Diretto e sceneggiato da Fabio Guaglione e Fabio Resinaro, MIne è il racconto di un soldato americano bloccato nel deserto da una mina sulla quale ha posto il piede. Più psico-thriller che war movie, nelle dichiarate intenzioni dei due registi italiani il film si fa carico anche di molti elementi simbolici.
Nelle sale già da ieri, il film diretto da Renaud Fely e Arnaud Louvet racconta del santo cattolico che più affascina e che l'ultimo papa, oltre ad averne ereditato il nome, ha riportato ancor più sotto i riflettori dell'attualità. Con Elio Germano nei panni di Francesco, il film si sofferma in particolare sul rapporto non facile tra Francesco e il papato.
Era in concorso allo scorso festival di Berlino l'ultimo film di André Téchiné, l'ormai ultrasettantenne regista francese, che ancora volta torna a parlare di gioventù e di rapprti familiari, tra i suoi temi prediletti.
La sfida più grande alla modernità è la sostenibilità del progresso. È in quest'ottica che il documentario di Cyril Dion e Mélanie Laurent pensa al futuro, incontrando i nuovi pionieri dell'agricoltura, del settore energetico, dell'economia, della democrazia e della formazione, fautori di quello che potrebbe essere il mondo di domani.
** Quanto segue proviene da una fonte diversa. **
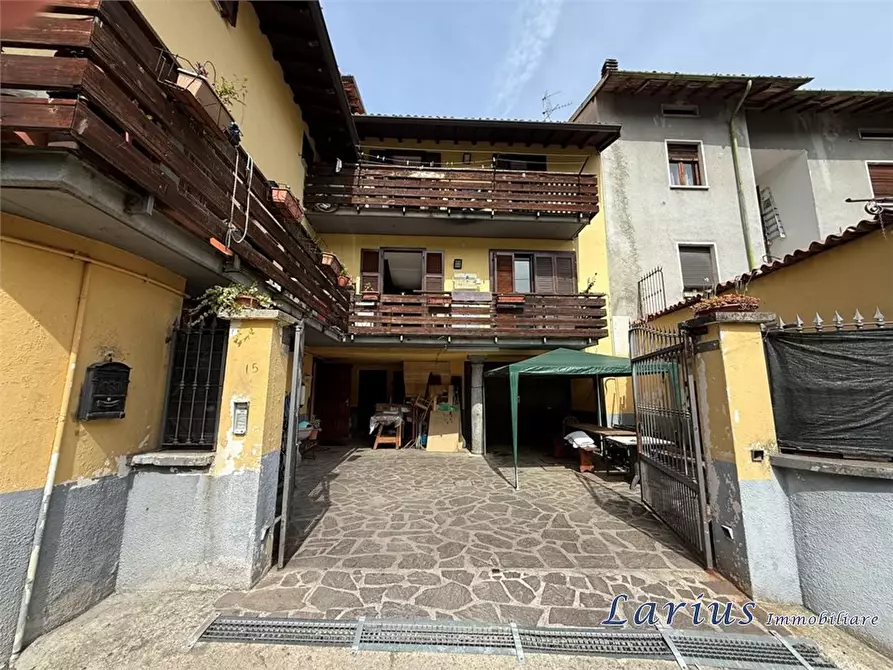 Immagine 2 di Casa indipendente in vendita  15 a Valbrona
Titolo originale Lo and Behold, Reveries of the Connected World
Regia di Werner Herzog
In streaming su iWonder Full Amazon channel
La descrizione/visine/narrazione di uno degli aspetti più rilevanti della nostra contemporaneità - il digitale e la rete - fatta da uno che dichiaratamente, programmaticamente, ne è rimasto ai margini. Potrebbe essere del tutto ininteressante, se non sviante, ma se l'autore è Herzog ecco che anche lo sguardo del profano può aprire prospettive.
Titolo originale The Space in Between: Marina Abramovic and Brazil
Regia di Marco Del Fiol, Gustavo Almeida
Con Marina Abramovic, Dorothy W. Cooke, Narcisa Cândido da Conceição, Itamir Damião
La grande artista e perfomer serbo-americana ancora una volta ritratta in uno dei suoi percorsi artistici. Questa volta il contatto è con il pubblico e il popolo brasiliano e con la sua personale religiosità dominata dal sincretismo e dal rapporto con la natura.